Brief descriptive captions:
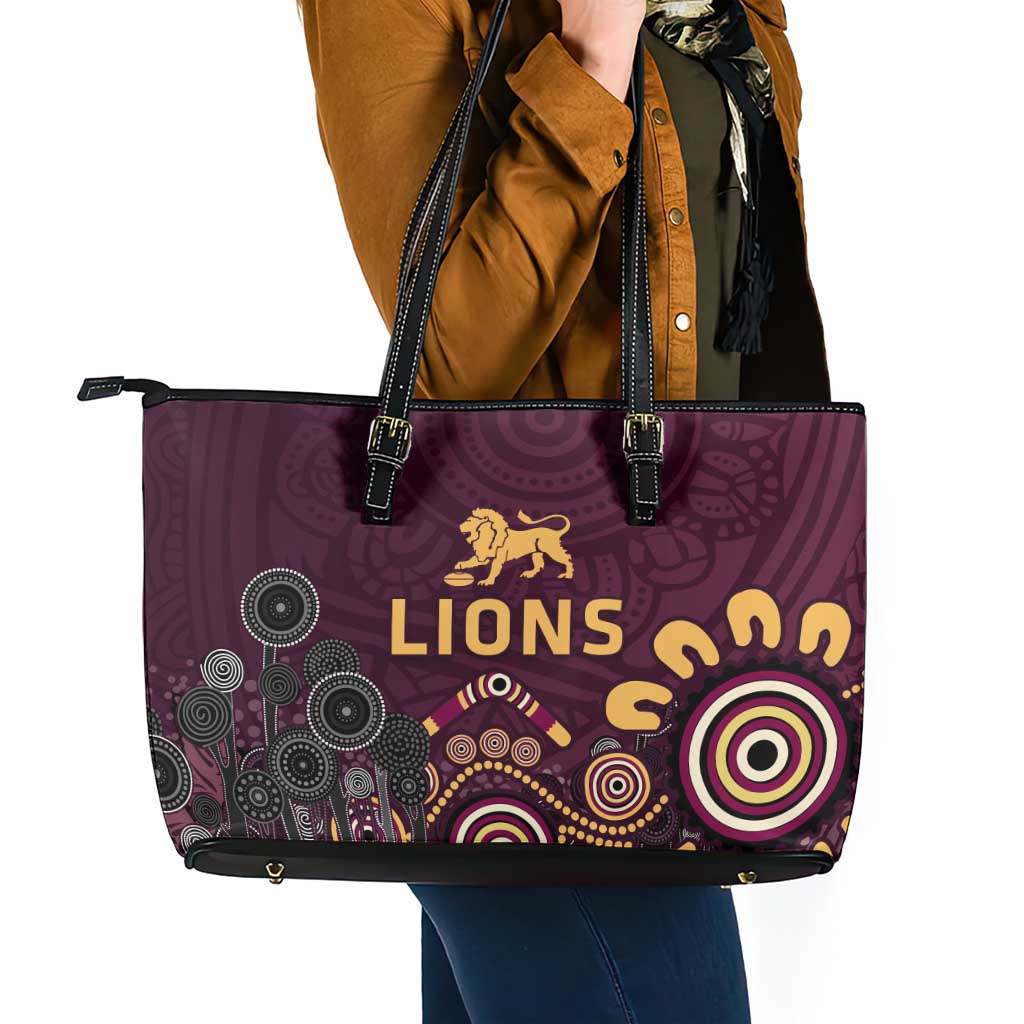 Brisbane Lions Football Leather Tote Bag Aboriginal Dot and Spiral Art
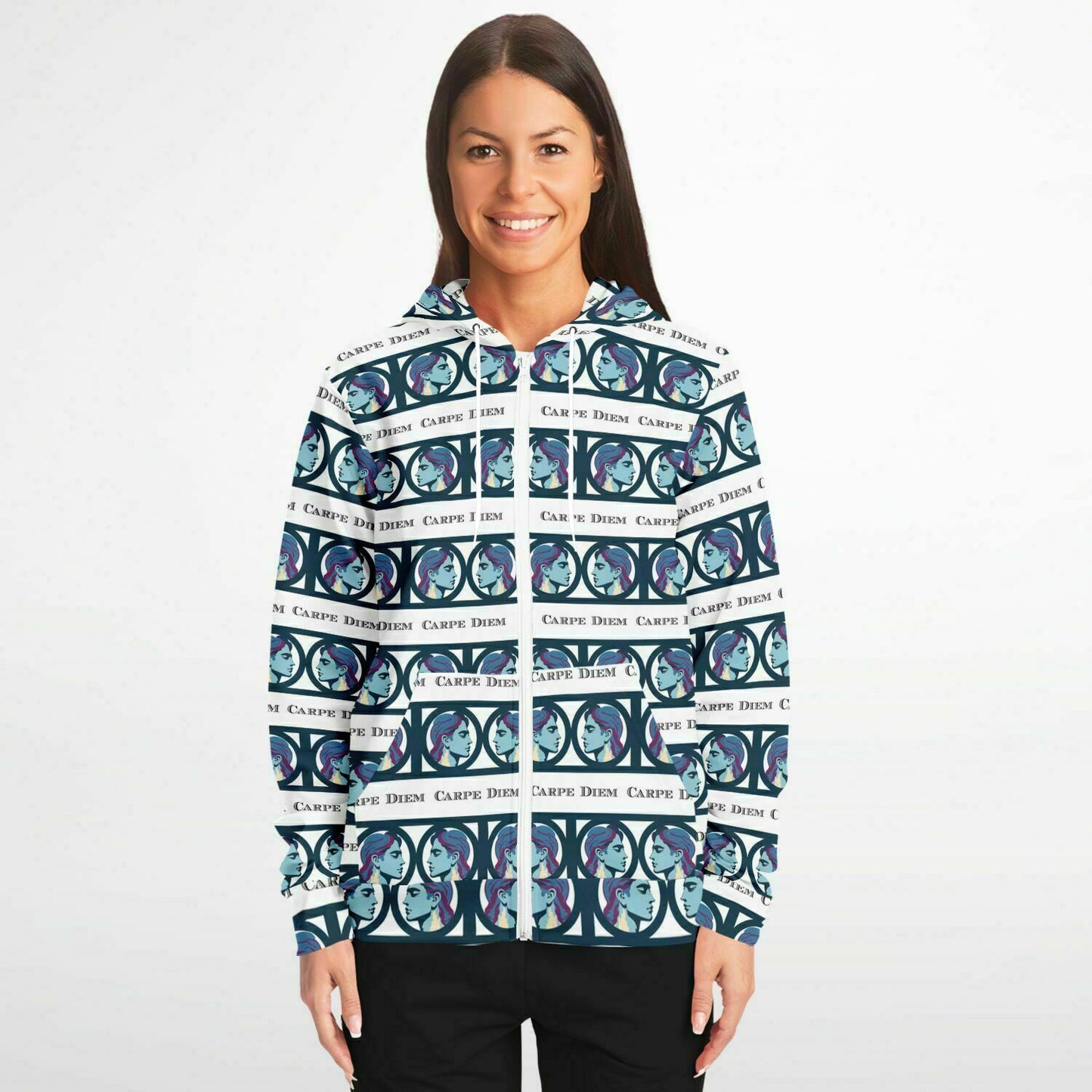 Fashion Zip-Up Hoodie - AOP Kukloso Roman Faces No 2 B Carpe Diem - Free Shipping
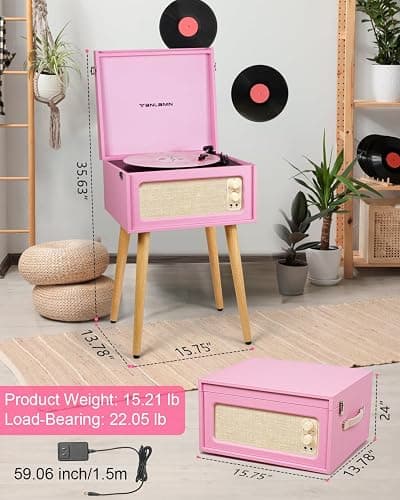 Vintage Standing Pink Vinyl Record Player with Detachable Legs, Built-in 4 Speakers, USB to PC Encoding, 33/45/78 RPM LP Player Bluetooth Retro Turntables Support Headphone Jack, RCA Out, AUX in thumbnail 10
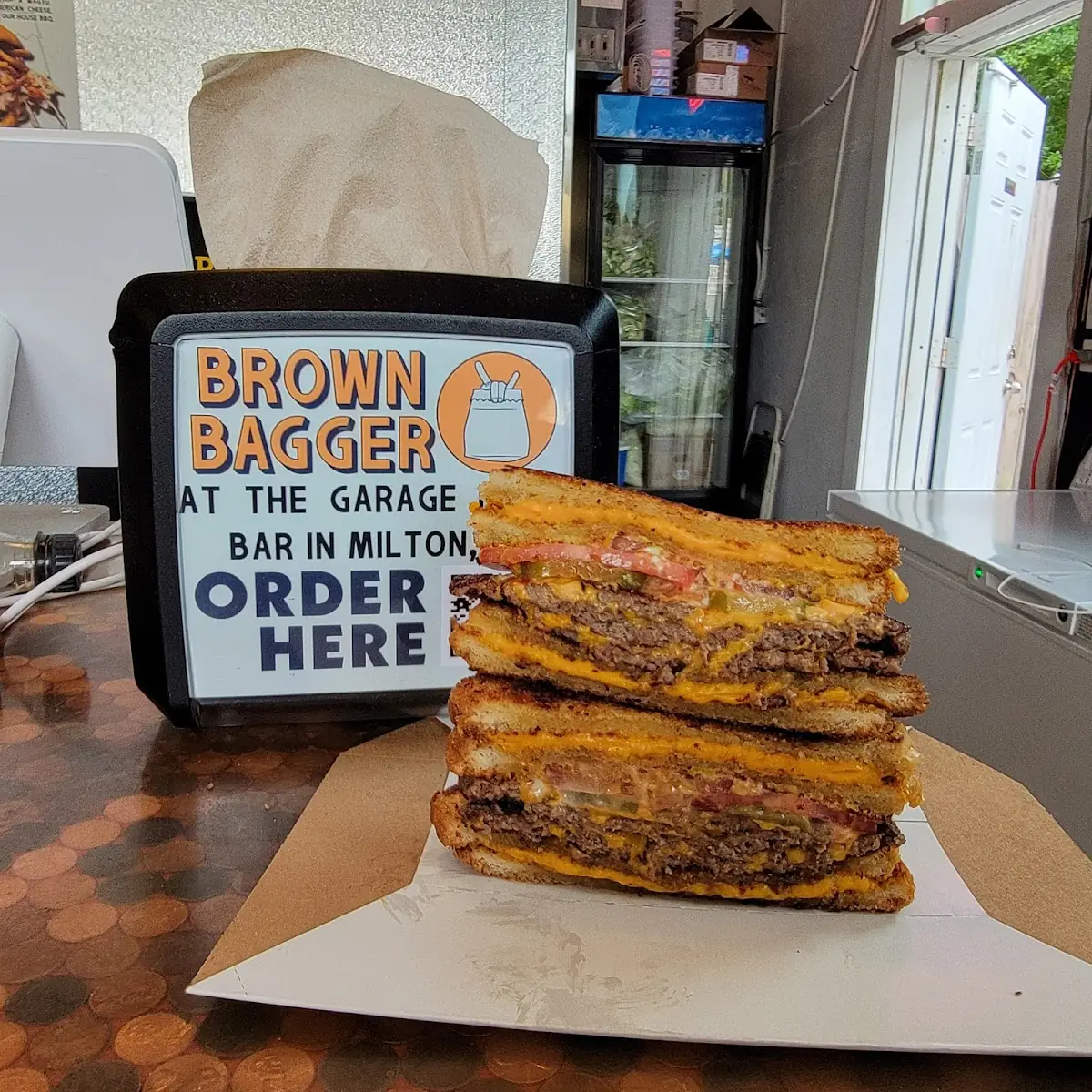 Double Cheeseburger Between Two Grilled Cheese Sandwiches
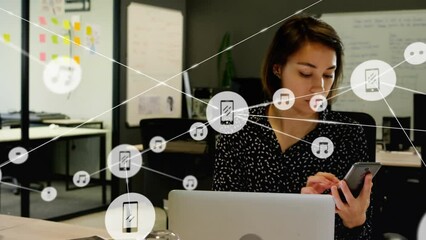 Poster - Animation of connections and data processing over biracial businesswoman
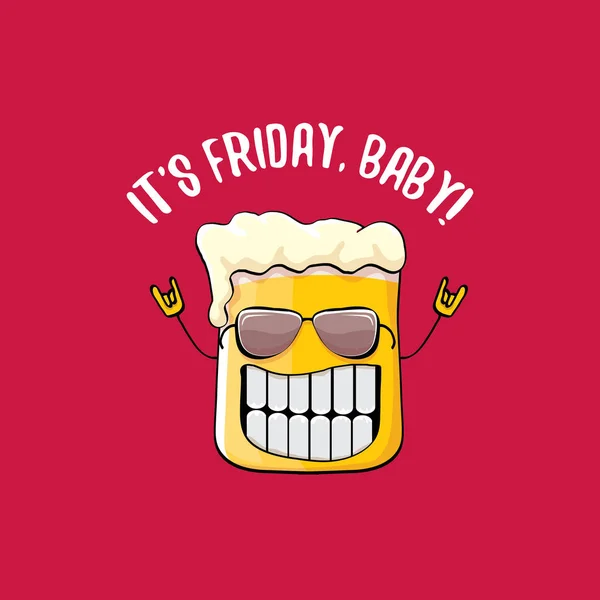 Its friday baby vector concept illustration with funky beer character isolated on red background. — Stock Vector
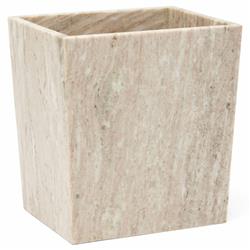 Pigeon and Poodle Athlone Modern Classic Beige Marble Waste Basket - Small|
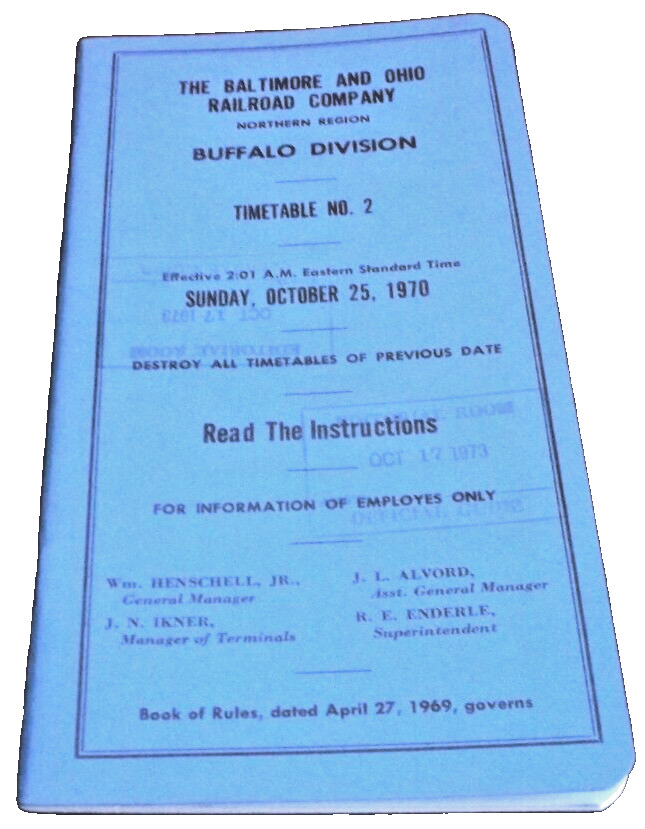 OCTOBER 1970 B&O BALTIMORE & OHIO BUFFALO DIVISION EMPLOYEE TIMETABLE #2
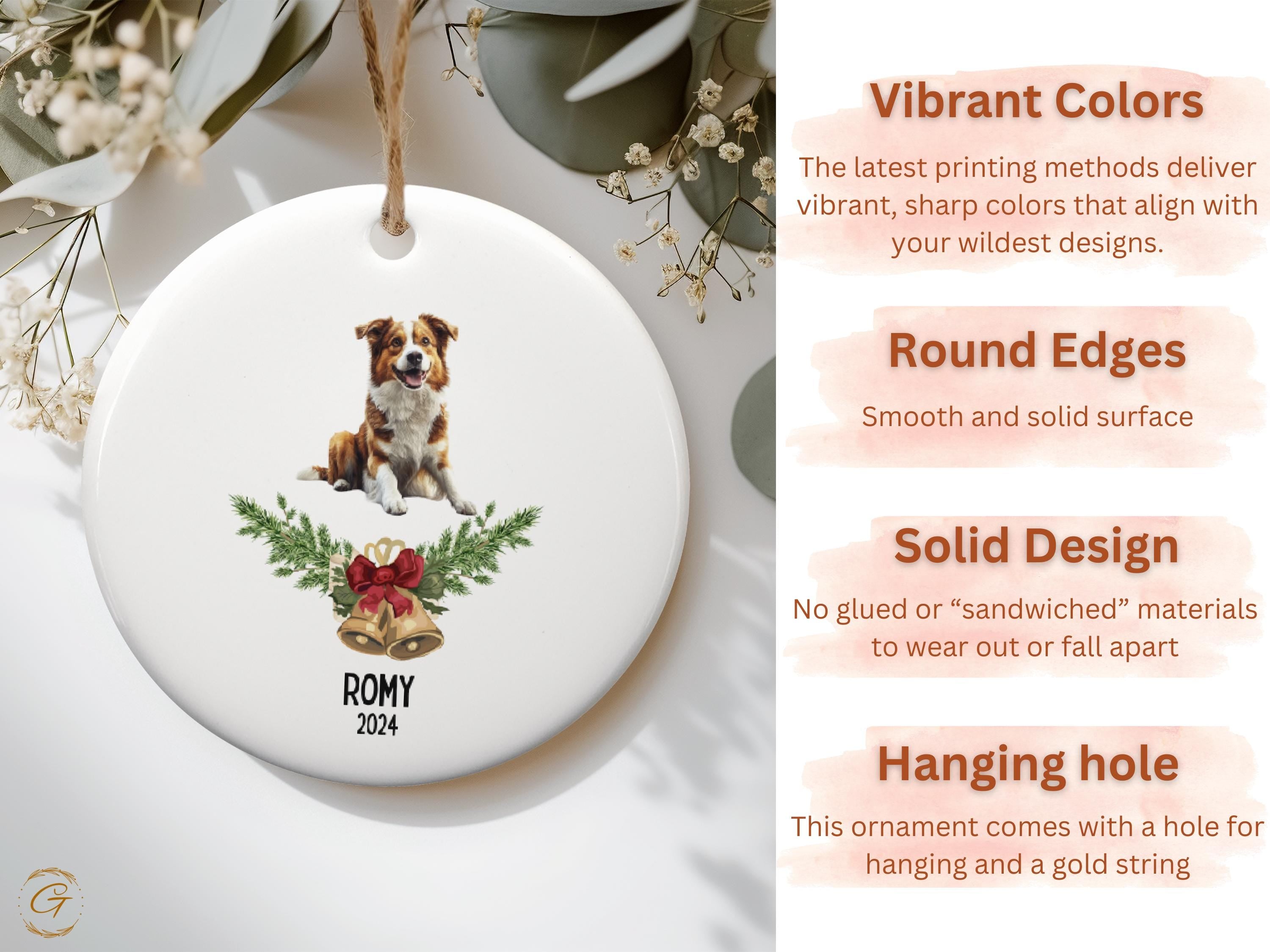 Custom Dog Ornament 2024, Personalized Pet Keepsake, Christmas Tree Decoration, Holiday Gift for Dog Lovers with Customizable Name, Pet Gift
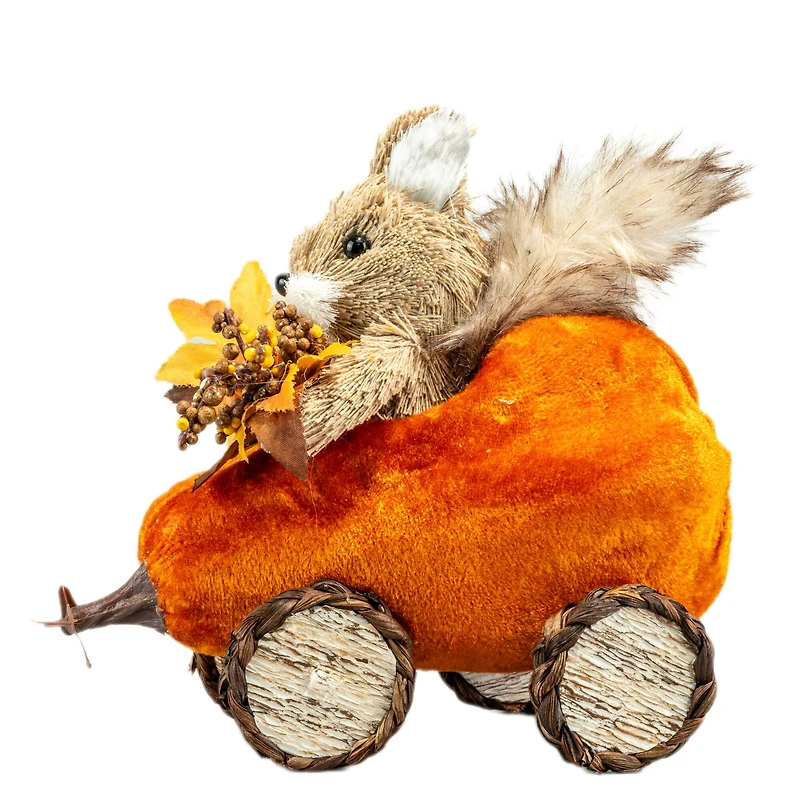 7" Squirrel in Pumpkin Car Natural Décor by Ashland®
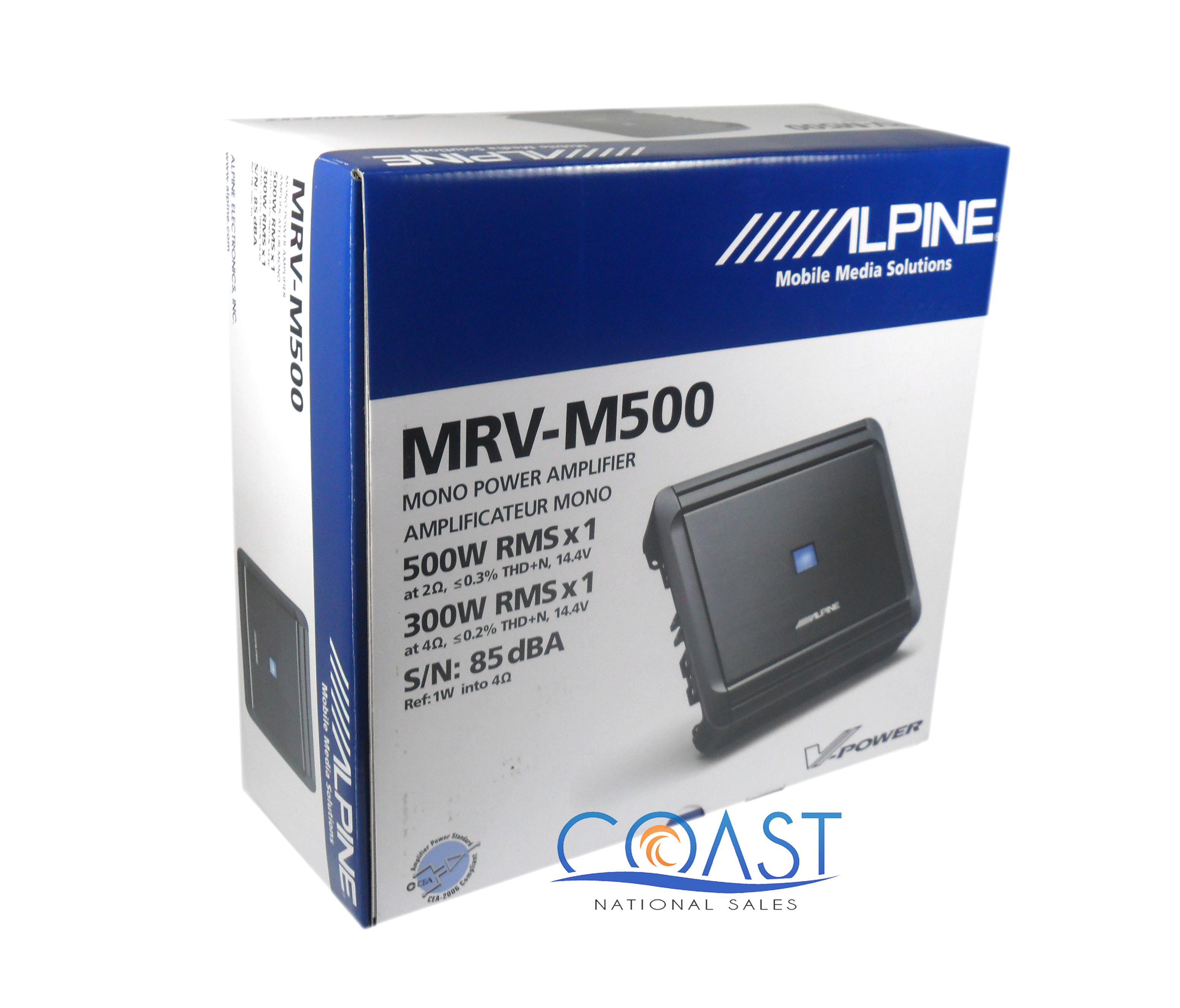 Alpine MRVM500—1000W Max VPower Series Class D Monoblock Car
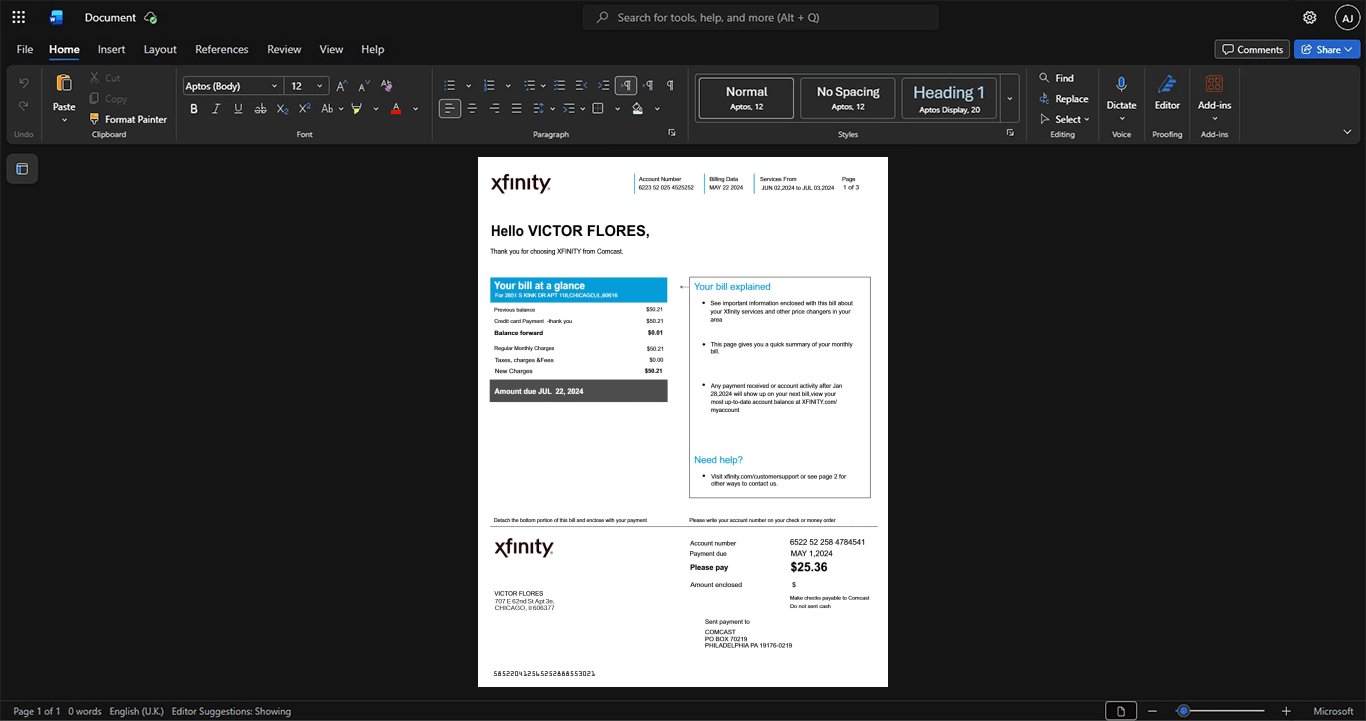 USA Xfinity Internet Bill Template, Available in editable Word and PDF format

**REQUIRED ACTION:** Reproduce, with no pictures, the lines from the one containing "Fashion Zip-Up Hoodie" to the end of the records above, exactly and inclusively.

**EXERCISE SOLUTION:**
 Fashion Zip-Up Hoodie - AOP Kukloso Roman Faces No 2 B Carpe Diem - Free Shipping
 Vintage Standing Pink Vinyl Record Player with Detachable Legs, Built-in 4 Speakers, USB to PC Encoding, 33/45/78 RPM LP Player Bluetooth Retro Turntables Support Headphone Jack, RCA Out, AUX in thumbnail 10
 Double Cheeseburger Between Two Grilled Cheese Sandwiches
 Poster - Animation of connections and data processing over biracial businesswoman
 Its friday baby vector concept illustration with funky beer character isolated on red background. — Stock Vector
 Pigeon and Poodle Athlone Modern Classic Beige Marble Waste Basket - Small|
 OCTOBER 1970 B&O BALTIMORE & OHIO BUFFALO DIVISION EMPLOYEE TIMETABLE #2
 Custom Dog Ornament 2024, Personalized Pet Keepsake, Christmas Tree Decoration, Holiday Gift for Dog Lovers with Customizable Name, Pet Gift
 7" Squirrel in Pumpkin Car Natural Décor by Ashland®
 Alpine MRVM500—1000W Max VPower Series Class D Monoblock Car
 USA Xfinity Internet Bill Template, Available in editable Word and PDF format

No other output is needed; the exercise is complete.